#### WHAT YOU ARE ASKED TO DO:
What you return must be the full listing, word for word, with no images in it.

#### SUPPLIED DATA:
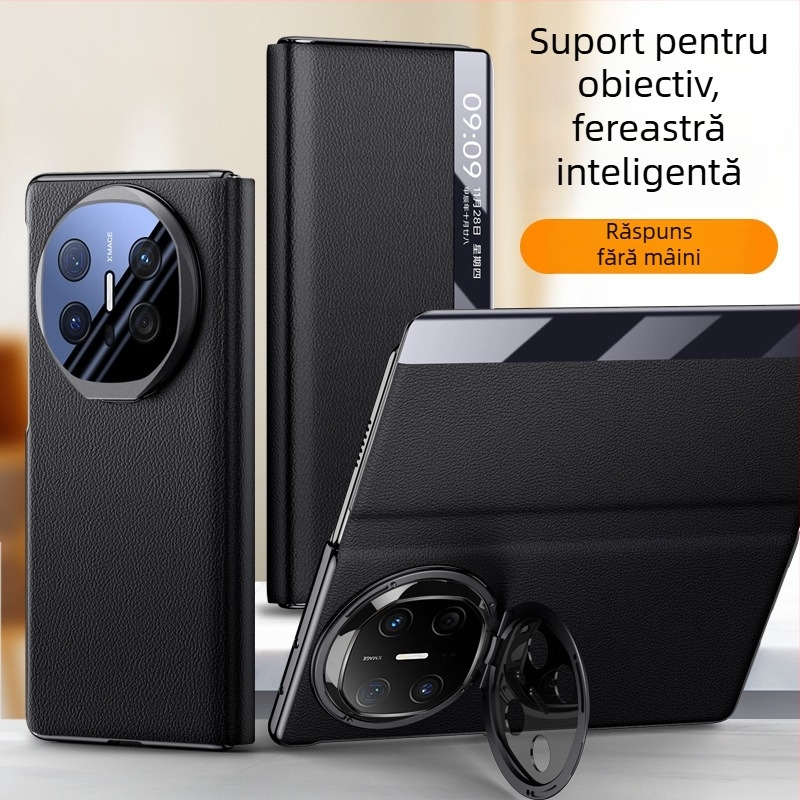 Husă pentru Huawei Mate X6 cu suport electroplatinat pentru obiectiv, fereastră inteligentă cu clapetă, protecție completă, antișoc, din piele sintetică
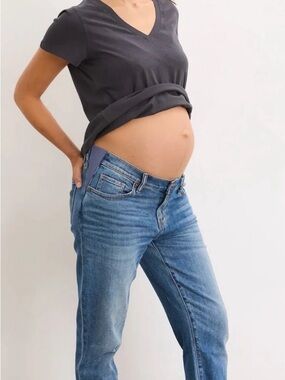 Hatch Indigo Denim Boyfriend Maternity Jeans with Stretch Side Panels Size 28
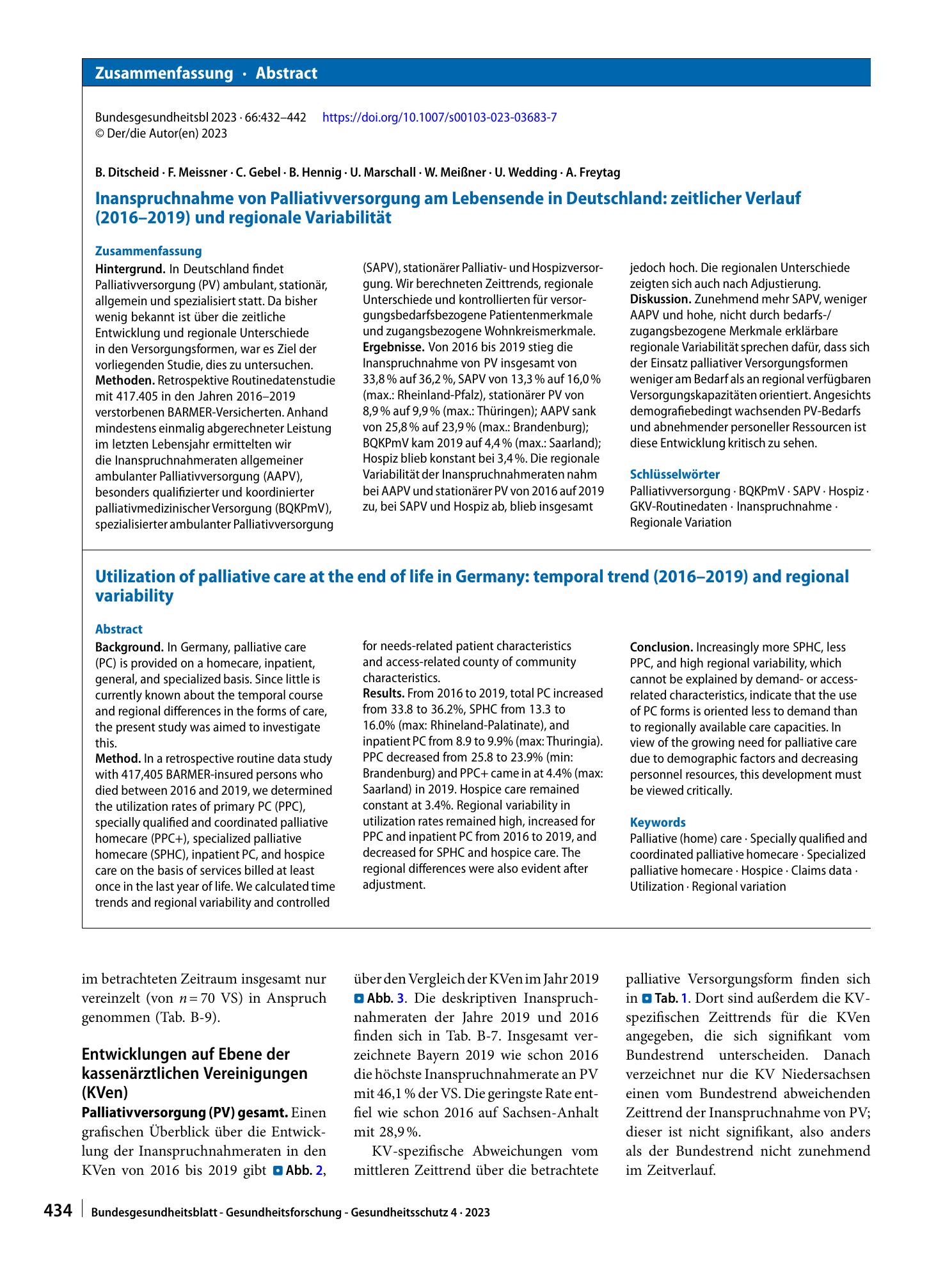 Vorschauseite 3: Inanspruchnahme von Palliativversorgung am Lebensende in Deutschland: zeitlicher Verlauf (2016–2019) und regionale Variabilität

#### RESPONSE AREA:
 Husă pentru Huawei Mate X6 cu suport electroplatinat pentru obiectiv, fereastră inteligentă cu clapetă, protecție completă, antișoc, din piele sintetică
 Hatch Indigo Denim Boyfriend Maternity Jeans with Stretch Side Panels Size 28
 Vorschauseite 3: Inanspruchnahme von Palliativversorgung am Lebensende in Deutschland: zeitlicher Verlauf (2016–2019) und regionale Variabilität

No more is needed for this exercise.